The goal of this post is to illustrate authentication for applications posted in Windows Azure websites. This particular post will focus on ASP.NET, not node.js or other open-source platforms, including PHP.
You will learn the basic skills of identity management in the cloud. applications can be as powerful as allowing web-based applications that manage a company's active directory. on a more fundamental level active directory can be used to validate users to allow access to secure information.
Visual Studio 2013
An account on Windows Azure. You can get a free account here https://manage.windowsazure.com/.

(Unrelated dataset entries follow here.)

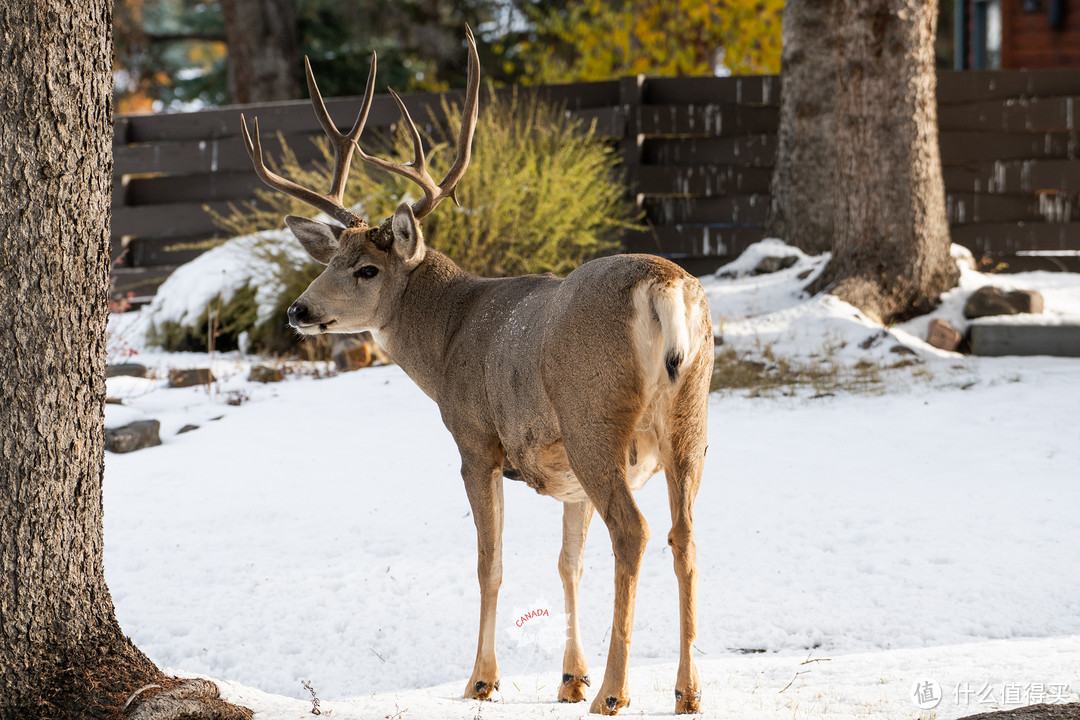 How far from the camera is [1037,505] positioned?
5.41 meters

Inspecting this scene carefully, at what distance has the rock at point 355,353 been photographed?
904 centimetres

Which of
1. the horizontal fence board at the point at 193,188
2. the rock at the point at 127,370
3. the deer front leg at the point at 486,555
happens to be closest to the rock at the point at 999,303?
the deer front leg at the point at 486,555

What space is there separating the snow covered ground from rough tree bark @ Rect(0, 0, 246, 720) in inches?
24.5

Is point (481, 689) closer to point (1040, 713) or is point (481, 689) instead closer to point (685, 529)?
point (685, 529)

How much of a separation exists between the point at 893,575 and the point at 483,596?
6.46ft

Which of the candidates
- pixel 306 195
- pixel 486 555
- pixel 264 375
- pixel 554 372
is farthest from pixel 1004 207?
pixel 554 372

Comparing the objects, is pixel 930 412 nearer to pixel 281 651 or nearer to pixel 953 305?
pixel 953 305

In this section you will log into the portal and choose to create a new active directory service. In the left menu pane choose Active Directory.
In the next few screens you'll enter information about the newly created directory. You will need to provide a login name and domain name to be used.
You will add a new active directory. Select active directory from the left menu and click new.
Creating a new active directory
Enter in the name, the domain name, and choose the country or region.
Adding a new directory
Changing details about the directory (brunodirectory). Click the arrow to drill into a specific directory.
Changing directory details
You will add users. Click the user menu.
From the left menu bar choose add user.
Adding a user
You will enter a username for the provider directory.
You will enter user profile details. Enter first, last, display name. Also select the role for the user. Choose global administrator. Also indicate an email address.
Entering user profile details
Creating a temporary password. Click the create button
Creating a temporary password
You will be given a new password. You will need to select an email address to send a confirming email to.
Confirming your temporary password
Validating that the user was added. For the details section of your directory, notice the display name should match the one entered, in addition to the user name and domain.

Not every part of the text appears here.